From the records below, print only the part that opens with the line containing "Zara Elegant Cream" and closes with the line containing "A-line Jewel Neck"; omit the pictures.

::::::::::

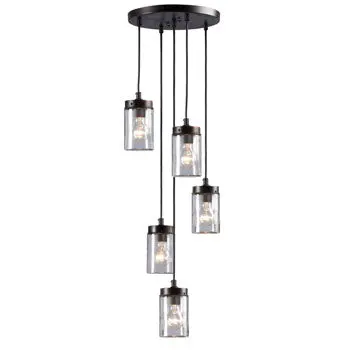 Quentin 5-Light Pendant, Oil Rubbed Bronze Finish, Clear Glass, 40W, Dimmable, Bulbs Included, 13.5"D X 6.1"H 1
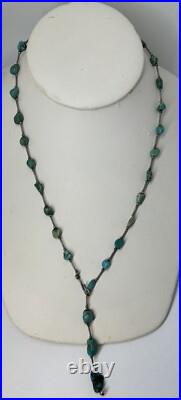 Navajo Kingman Turquoise Necklace 925 Sterling Silver Beads Vintage Lariat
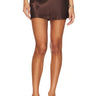 Premium Satin Brown Espresso Mini SKirt - FREYJA GLOBAL - 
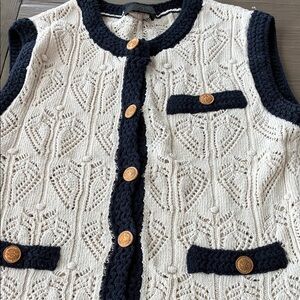 Zara Elegant Cream and Navy Knit Sweater Vest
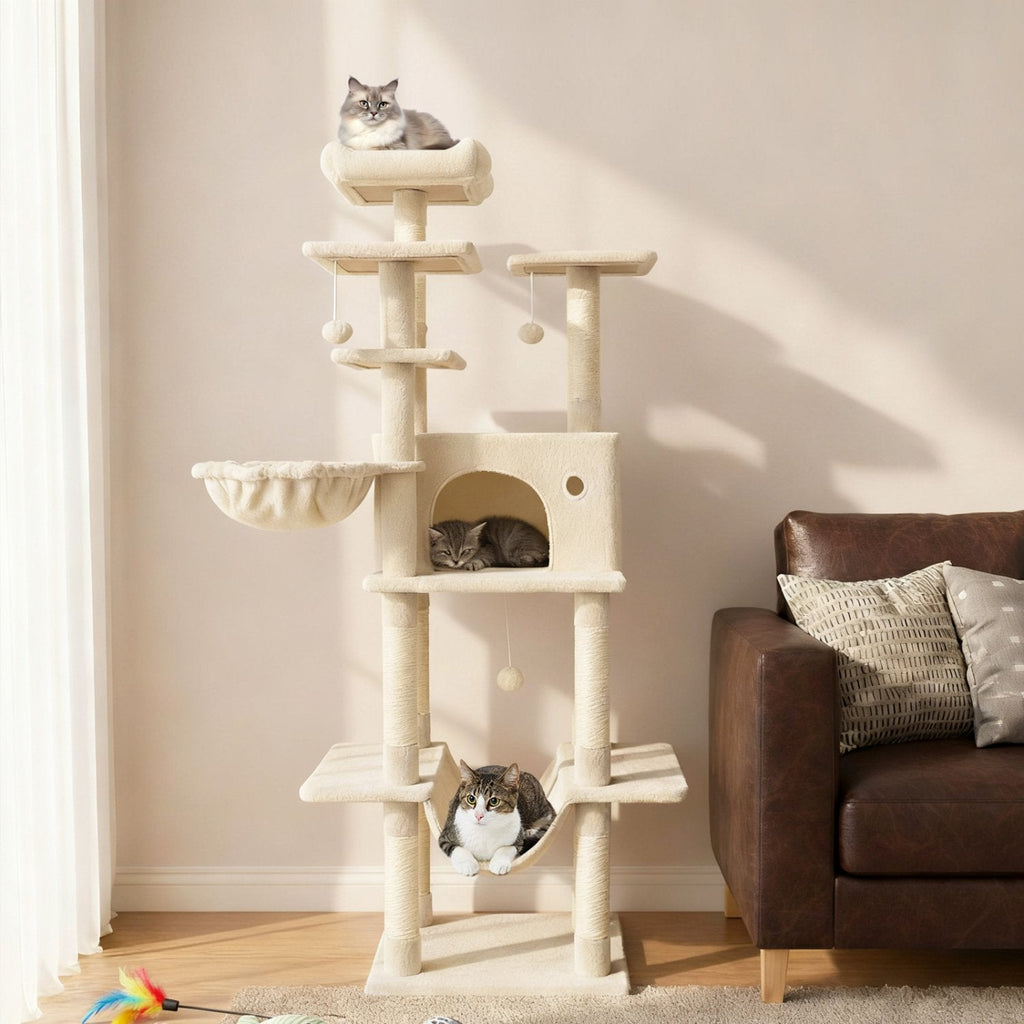 63 Inch Cat Tree with a Window Condo, Turning Basket and a Deep Hammock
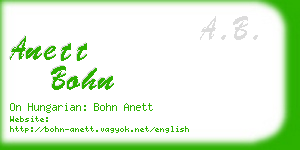 anett bohn business card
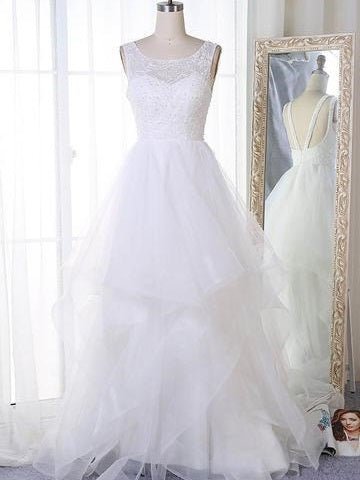 A-line Jewel Neck Organza Princess White Wedding Dress, Robe De Mariée,GDC1270 - DollyGown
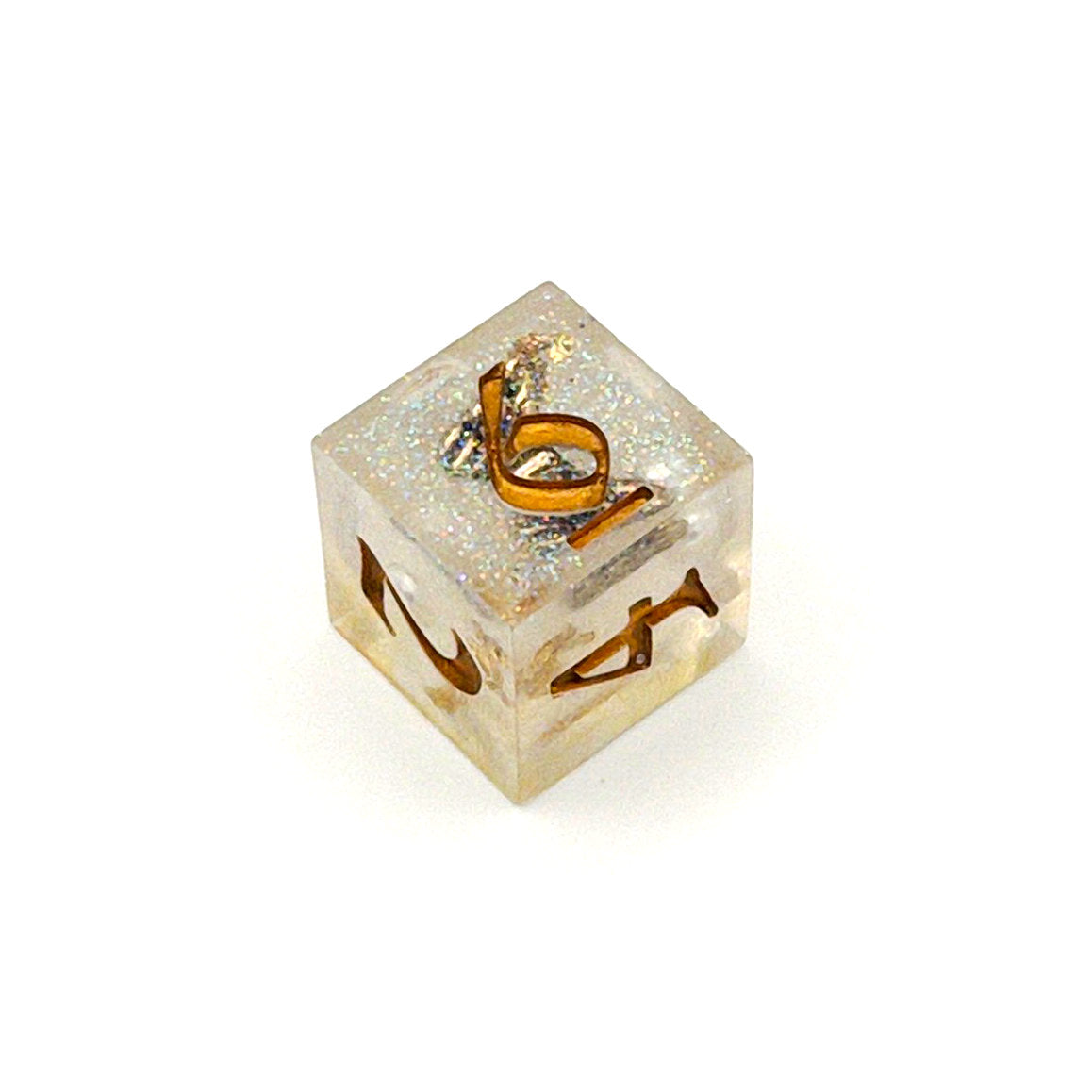 D6 TTRPG die, semi-transparent resin with translucent glitter and angel wing and pearl beads suspended inside. Inked in gold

::::::::::

= Solution to the exercise =
 Zara Elegant Cream and Navy Knit Sweater Vest
 63 Inch Cat Tree with a Window Condo, Turning Basket and a Deep Hammock
 anett bohn business card
 A-line Jewel Neck Organza Princess White Wedding Dress, Robe De Mariée,GDC1270 - DollyGown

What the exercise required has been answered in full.